郭 訳臨さん(経済学研究科 博士後期課程 経済学専攻)

 授業動画の概要

「家庭経済学―ライフサイクルから見る家計貯蓄行動―」をテーマに、全学部1年生向けの授業動画を作成しました。経済学を初めて学ぶ学生が家計を通じて経済学に興味を持ち、ライフサイクルに基づく家計貯蓄行動の仕組みを理解することを目指します。本授業動画を通じて、家計の経済主体としての役割、家計貯蓄の目的、幸せな人生を送るために必要な要素について学習します。理解を深めるために、動機づけ、図表提示、応用問題を設けています。

 動画作成を終えての感想

澁川先生の授業設計に関する講義を受講し、座学だけでは得られない実践的な授業設計のプロセスを学べたことは貴重な経験でした。非同期双方向型オンデマンド授業動画の作成において、学生ひとりでも効果的に学習できるよう、学習目標の明確化、動機づけ、時間配分を考慮して教材を作成しました。そして、他分野の受講者との相互評価を通じて、理解しにくい部分があることに気づき、動画を磨き上げることができました。

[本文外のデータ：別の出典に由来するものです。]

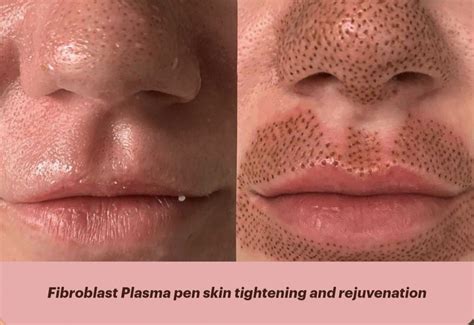 Laser Skin Treatment Face Treatment Botox Skin Tightening Treatments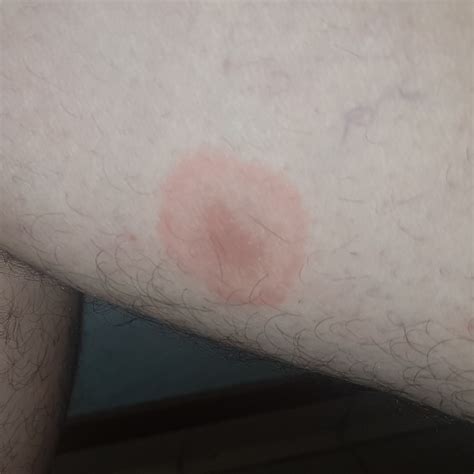 I Have Strange Spots That Have Appeared On My Wrist Arms And Legs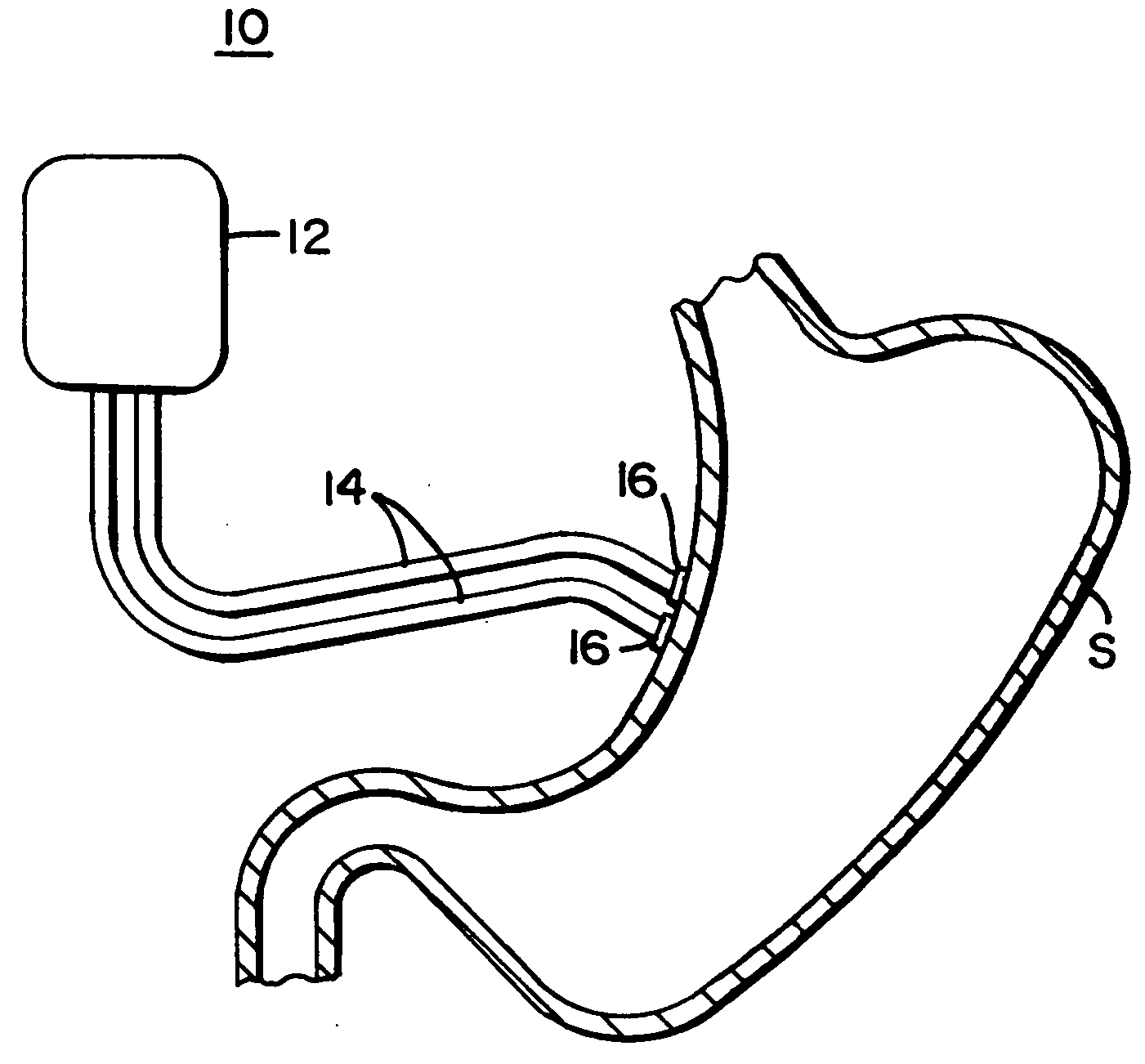 Gastric stimulator apparatus and method for use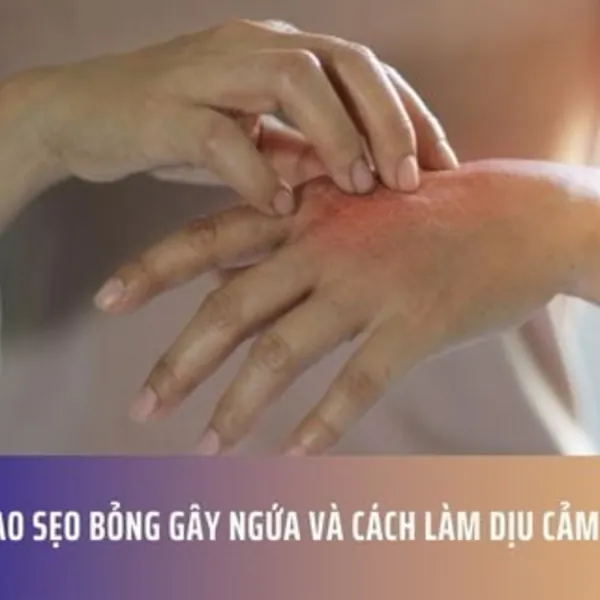 Tại Sao Sẹo Bỏng Gây Ngứa Và Cách Làm Dịu Cảm Giác Đó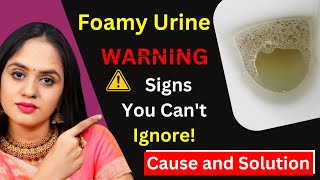 Foamy Urine WARNING Signs You Cant Ignore  Foamy Urine Cause and Solution  Dr Tanvi Mayur Patel [upl. by Marj]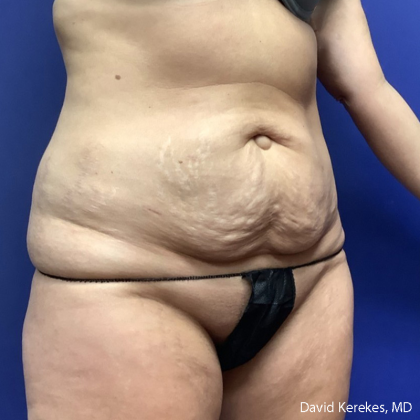 Tummy Tuck Before & After Patient #5031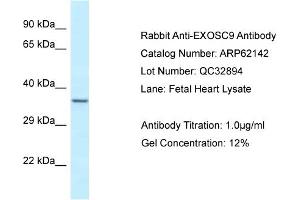Western Blotting (WB) image for anti-Exosome Component 9 (EXOSC9) (N-Term) antibody (ABIN970651) (EXOSC9 anticorps  (N-Term))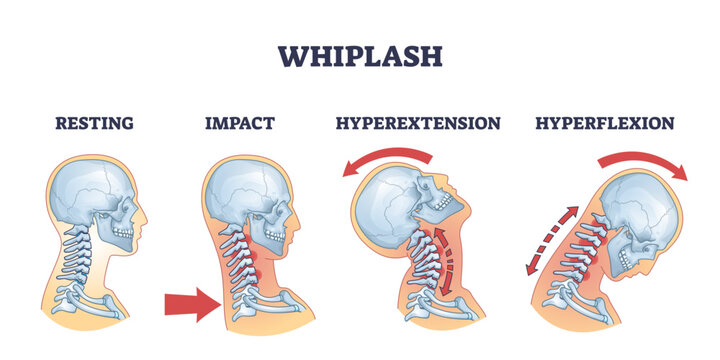 Whiplash diagram shows neck movement stages, resting, impact, hyperextension, hyperflexion, transparent background.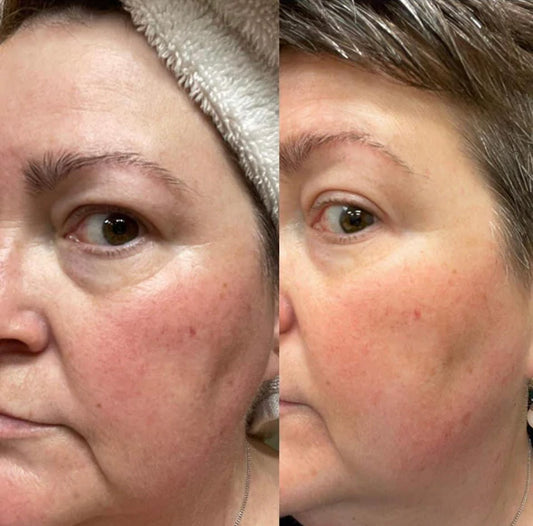 ageLOC® Tru Face® Essence Ultra Uplifting Cream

また、他の受講者が作成した多分野の動画を視聴し、新しいアイデアを得ることができました。この講義を通じて、深い学びを促進する教授法を体系的に学ぶことができ、将来、大学教員を目指す自分にとって非常に有益な内容でした。

リサーチ・ワークショップを履修して

この講義では、博士学位を取得するために必要な知識や、博士学位取得後に研究職として働くために役立つスキルを細かく修得することができます。各回の講義では、多様な分野の専門家が資料を基に分かりやすく説明し、質疑応答の時間も設けられているため、博士号取得の道のりがより具体的に思い描くことができました。さらに、自分と異なる専攻分野の先生方や受講者との交流機会が豊富にあり、他研究科の実験場所の見学などを通じて、幅広い知見と新たな仲間を獲得することができました。座学とワークショップの両方から学習することで、研究活動をより効率的に遂行するための知識を身につけることができ、実地応用の力を深化させることができました。

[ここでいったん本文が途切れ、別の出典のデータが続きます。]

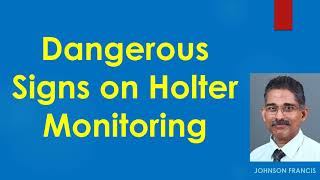 Dangerous Signs on Holter Monitoring [upl. by Irahcaz806]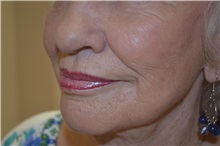 Dermal Fillers Before Photo by Joe Griffin, MD; Florence, SC - Case 33517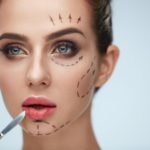 Een vrouw met chirurgische markeringen op haar gezicht, die wijzen op de voorbereiding op een cosmetische ingreep, met lijnen en pijlen rond haar ogen, jukbeenderen en kin. Ze draagt make-up, met de nadruk op haar ogen en lippen, en een chirurgisch instrument is bij haar kin geplaatst.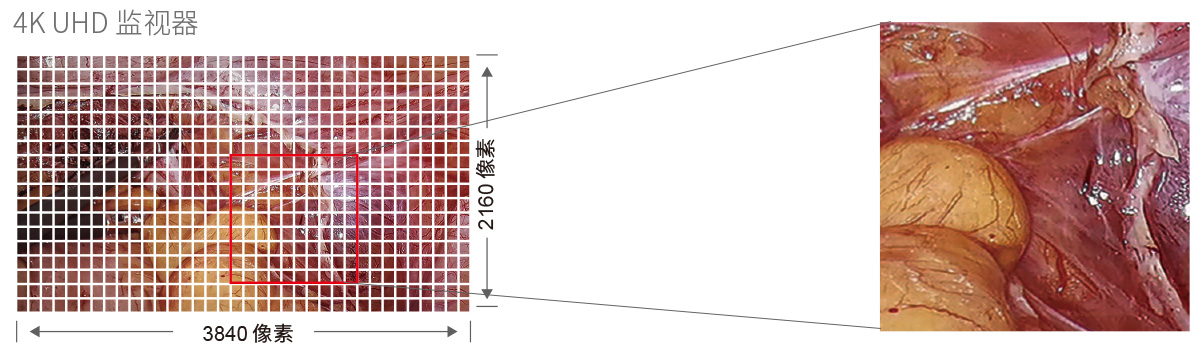 32英寸医疗手术室专用监视器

大島 悠さん(理工学研究科 博士後期課程 ビジネスデータサイエンス専攻)

 授業動画の概要

“数式を使わずに理解する画像生成AI「Generative Adversarial Networks(GANs)」”というタイトルの下、GANsで何が出来るかやその仕組みついて解説しました。授業の目的としては、本授業にプラスしてPCでの実装方法を理解すれば研究やビジネスでGANsを使用できるようになること、と設定し学習する動機付けを行いました。到達目標は、GANsを1分程度の自分の言葉で説明できるようになること、と設定し受講者が自己評価をできるよう工夫しました。

動画作成を終えての感想

良かった点としては、講義内で学んだ知識である(1)学習者の学習プロセス(2)到達目標に行為動詞を使用すること(3)シラバスの役割と授業との整合性を活かすことで、スムーズに動画作成ができました。学習者の学習プロセスを意識することで授業作成時に学習者の目線に立つことができ、授業動画作成に限らずあらゆる学習活動へのサポートに有用であると感じました。また、これらの知識は、将来教員として講義を行う際の良い基盤になると感じました。改善点としては、グループワークを通じて、(1)話す速度が早すぎる点や(2)全学部向けの授業としては前提知識が欠如している点を認識しました。受講者が聞き取りやすい音量・速度で話すことの重要性、前提
知識の抜け漏れの精査の重要性は肝に銘じました。

リサーチ・ワークショップを履修して

講義の前半パートでは、博士課程のキャリアや現代社会といったテーマから、具体的な論文投稿の方法・計画書の書き方・受けられる支援の数々について学びました。その中には自身が認識していない制度や情勢もあり、例えば論文執筆指導を受けられるライティングラボやリサーチマップによる研究者間の交流は、専攻内の他の学生にも広めたいと思いました。後半パートはプレFDであり、教員になった自分の姿を想像しながら、知識習得およびその実践ができました。授業内のスケールダウンされたケーススタディを元に、多角的にスケールアップをするような想定をすることで、実際の大学での講義の準備ができると思い、自信になりました。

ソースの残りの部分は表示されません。